First perch trip this year, brother and I left the dock on Cooley canal at 7 and made it to the toledo light house against the waves by 8. It took a while to get them going and was a slow pick. Two of us had 4 scoops/dozen goldies from butch and Dennys. I think we caught about 150 fish to get 45 keepers at noon before running out of bait. Alot of those were small yellows which is good for the future most were 8 to 9" with a few 10s and 11s in there. 13 lbs at the cleaners not to bad for first outing. I'll be back at it tomorrow with the wife.
Tight lines.


----------



## shot1buck (Feb 23, 2011)

Nice job. How deep of water?


----------



## Matt63 (Jun 1, 2016)

17 fow didn't make it out today.


----------



## hydrasportbill (Sep 11, 2012)

Matt63 said:


> 17 fow didn't make it out today.


how big is your boat? i must run past when i go out of meinke's . do you dock across from ap? nice catch and report thanks.


----------



## Matt63 (Jun 1, 2016)

It's a 205 sport craft with brown canvas on reno beach side almost across from the state ramp


----------



## hydrasportbill (Sep 11, 2012)

Matt63 said:


> It's a 205 sport craft with brown canvas on reno beach side almost across from the state ramp


TODAY saw a guy take a limit off the pier. small minnows from b+d


----------



## jakeo (Dec 14, 2017)

Looked at calender, I was out that Saturday, too rough for my virgin crew(cousins) in my 186 Starcraft Titan. Decided because wind was to die, to try just inside Cooley Canal mouth for a bit but winds never laid down. Was supposed to be less then 2' but 3-4's at 9am. Turned around to trailer over to Toledo when truck decided to have troubles on the ramp, expensive day and not a fish caught.


----------



## Matt63 (Jun 1, 2016)

Same area today south east of lighthouse 17 fow 60 perch for 15 lbs from 8 till 11 shiners on spreaders and crappie rig. We had to sort through alot of dinks and other junk fish. Kept the engine idle the whole time.


----------



## Matt63 (Jun 1, 2016)

Quite a few 10 to 12 inchers in there.
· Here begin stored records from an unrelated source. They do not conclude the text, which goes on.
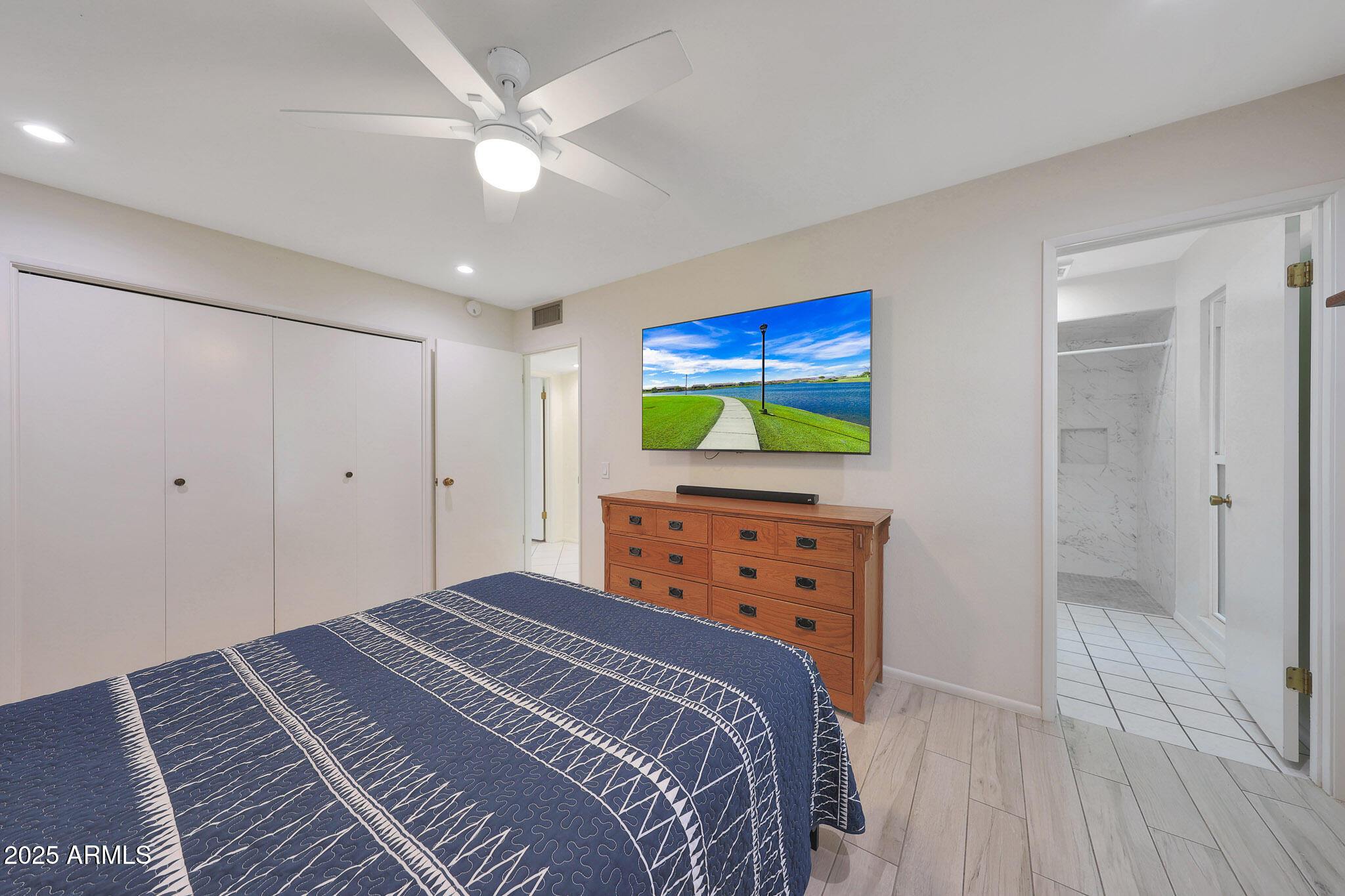 10754 W BROOKSIDE Drive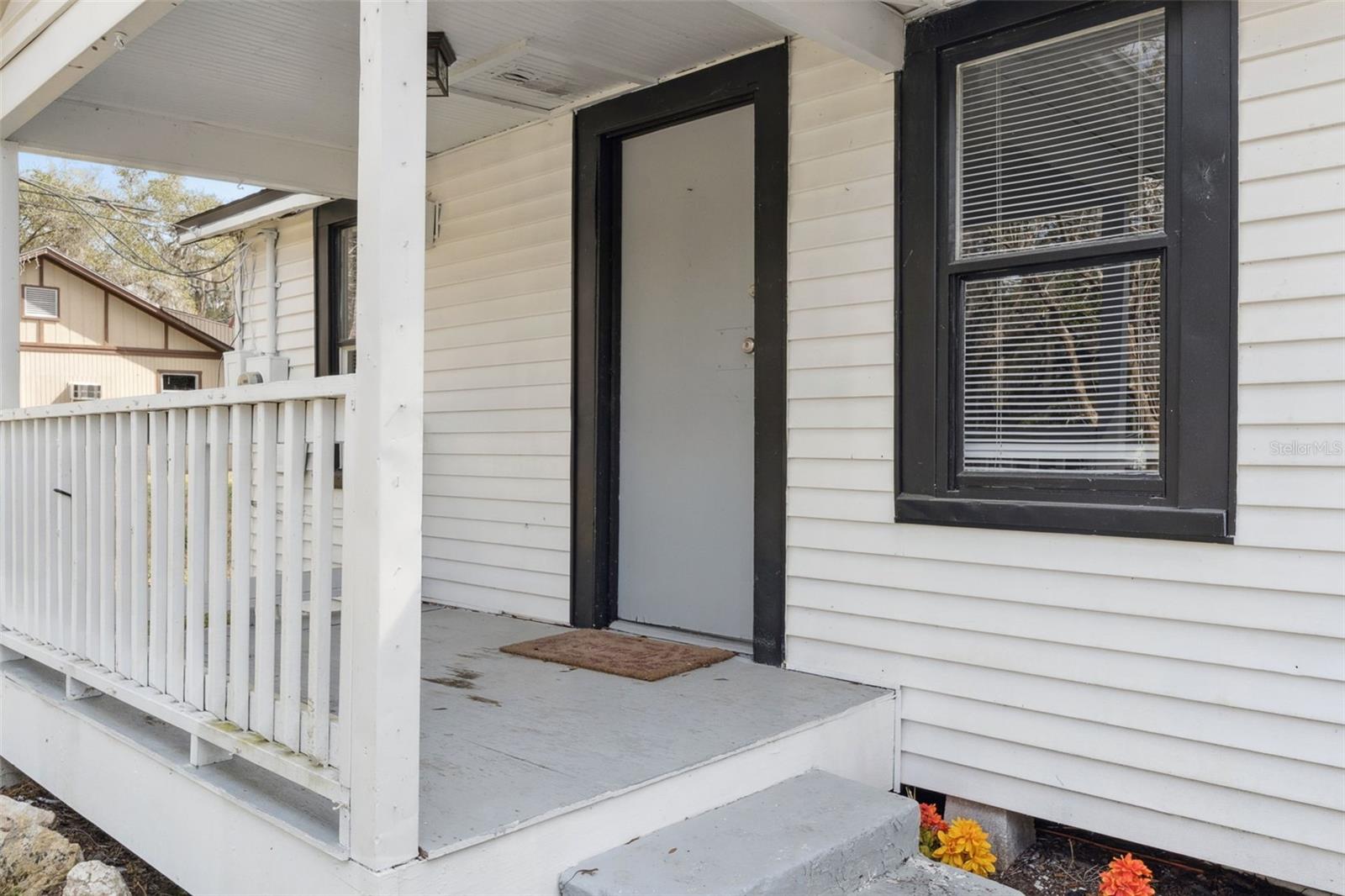 1116 NE 19TH STREET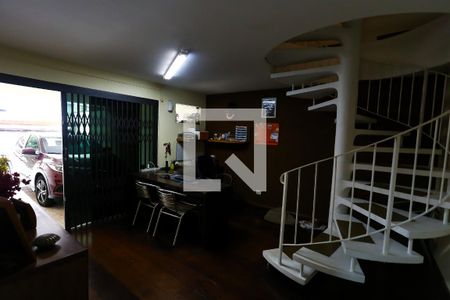 Casa à venda com 308m², 3 quartos e 4 vagas Casa à venda com 308m², 3 quartos e 4 vagasEscritório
Having last years bounty tonight.


----------



## Onebad800 (4 mo ago)

Nice pile of perch!!


----------



## Matt63 (Jun 1, 2016)

Same area today south east of toledo light house 3 of us got 65 for 18 lbs lot of shorts returned to grow and 15 or so over 12 and a few over 13. Possibly the last trip but we'll see.


----------